Duke City's all-star travel team, the Mueñcas Muertas, represented the league at the first WFTDA Championships in 2006, where they finished 19th out of 20 teams. At the 2007 WFTDA Western Regional Tournament Duke City won their opening game 110–82 over the Rocky Mountain Rollergirls, but then lost to Tucson Roller Derby in the quarterfinals, 166–41. At the 2008 Western Regional, Duke City opened with a victory over Pikes Peak Derby Dames and then upset the defending WFTDA Champion Kansas City Roller Warriors 132–117, automatically qualifying for Championships. Duke City then lost to Bay Area in the semifinals and Rat City Rollergirls in the third place game to finish Westerns in fourth place. At Championships in Portland, Duke City lost their opening round game to Gotham Girls Roller Derby 182–25. At the 2009 Western Regional, Duke City lost the fifth place game to Bay Area 105–103 to finish in sixth place. As the eighth seed at the 2009 Western Playoff, Duke City lost their opening games to Tucson and Denver, before falling to Sacred City Derby Girls to finish in tenth place.

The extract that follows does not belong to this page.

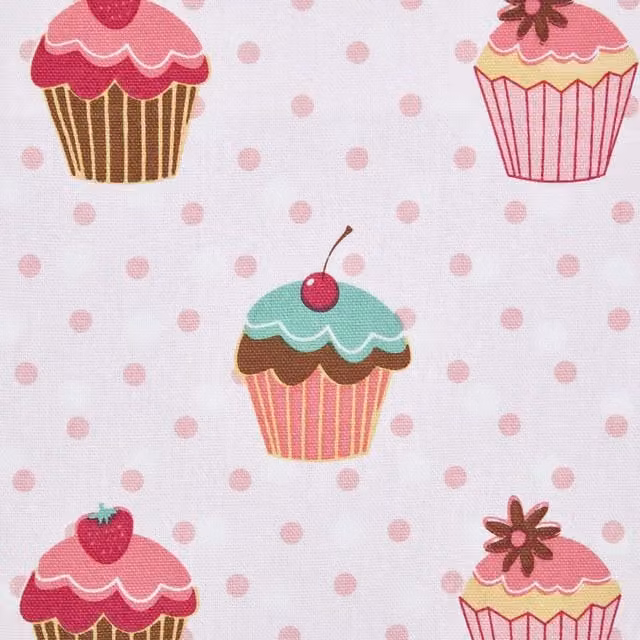 Homescapes Multicolour Pink Adult Pure Cotton Cupcake Fabric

Ahead of the 2013 season, the WFTDA restructured its playoff system and that year Duke City qualified for the first Division 2 Playoff in Des Moines, Iowa as the sixth seed. Duke City defeated the Omaha Rollergirls 212–189 to finish in seventh place.

===Rankings===

| Season | Final ranking | Playoffs | Championship |
|---|---|---|---|
| 2006 | 15 WFTDA | — | 19 |
| 2007 | 16 WFTDA | QF W | DNQ |
| 2008 | NR | 4 W | R1 |
| 2009 | 7 W | 6 W | DNQ |
| 2010 | 11 W | 10 W | DNQ |
| 2011 | 13 SC | DNQ | DNQ |
| 2012 | 13 SC | DNQ | DNQ |
| 2013 | 55 WFTDA | 7 D2 | DNQ |
| 2014 | 107 WFTDA | DNQ | DNQ |
| 2015 | 181 WFTDA | DNQ | DNQ |
| 2016 | 136 WFTDA | DNQ | DNQ |

==In the community==
Duke City members do community outreach and fundraising, for organizations such as Ronald McDonald House and the Rape Crisis Center of Central New Mexico.